# Stress did someone say stress? :)



## jamerican352005 (Nov 1, 2008)

Just wondering what you all do to relieve stress at the end of the day  I love all of my customers because without them...well I would be out of business. Every once in awhile you get someone that comes along and can drive you insane. hahahaha So printers what do you guys do to relieve stress. 99% of customers are FANTASTIC but sometimes that 1% can make you want to chew on a squeegy  Lets hear it! Also if you want to include stories of things that have happened it would be funny!


----------



## Dtgman (Feb 11, 2010)

Ok, Sometimes after a busy day i go home and when i try to sleep i cant fall asleep because I am in a half sleep and dreaming that i am still busy at work! yes it sucks! but the only way to relieve any stress would be to do something enjoyable after work. I usually like to grab a few beers and relax that way i wake up in the morning ready for work.


----------



## Staci S (Mar 4, 2010)

Yes, I know what you mean! Laughter is my stress relief. My staff has fun and jokes around when we can, without being unprofessional. Every now and then I'll kick my feet up on the desk and take a deep breath


----------



## gerry (Oct 4, 2006)

"Make you feel like chewing on a squeegie"..that's funny.
For me a good shoot em up game on the ps3 and a couple beers does wonders for me.


----------



## MotoskinGraphix (Apr 28, 2006)

jamerican352005 said:


> Just wondering what you all do to relieve stress at the end of the day  I love all of my customers because without them...well I would be out of business. Every once in awhile you get someone that comes along and can drive you insane. hahahaha So printers what do you guys do to relieve stress. 99% of customers are FANTASTIC but sometimes that 1% can make you want to chew on a squeegy  Lets hear it! Also if you want to include stories of things that have happened it would be funny!

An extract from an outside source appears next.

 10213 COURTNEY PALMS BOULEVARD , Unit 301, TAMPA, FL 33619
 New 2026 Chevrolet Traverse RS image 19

Customers like that you just keep raising your quote until they stop talking. Eventually they will get it.


----------



## Dtgman (Feb 11, 2010)

I realized it, and anything "Custom" made is hard. I used to work at subway and in a way its a "custom" made sub. so when ever you give people too much options,they always want more. Give them a yard they take a mile..you know the saying


----------



## ambitious (Oct 29, 2007)

Another thing that works for me, besides beer was hitting the gym 20-45 minutes a day. Highly recommended to hit the gym and, get home, shower up, eat something light and off to sleep. Wake up like a king the next morning.


----------



## jamerican352005 (Nov 1, 2008)

We specialize in custom heat transfers so all of our customers are easy to get along with, professionals, and they are the ones that have to put up with the pain in the butt questions from customers buying garments. We had a local lady come in and she came to our location about 3 times a day wanting to change the design and even wanted to measure t-shirts!! I had to layout sizes yxs all the way to 5XL so she could get the measurements of each garment. After measuring all of the gildan shirts she asked the next day if we had Jerzees in stock because she needed to measure all of those garments as well in case they decided to go with a color that wasn't stocked in the gildan brand. I really wanted to say "who doesn't know what size t-shirt they wear" but of course didn't and met her requirements  The job is now completed and I remember why I love doing custom heat transfers instead of printed garments and still have a great respect for all of my customers because I know from time to time they will run into a customer like that!!


----------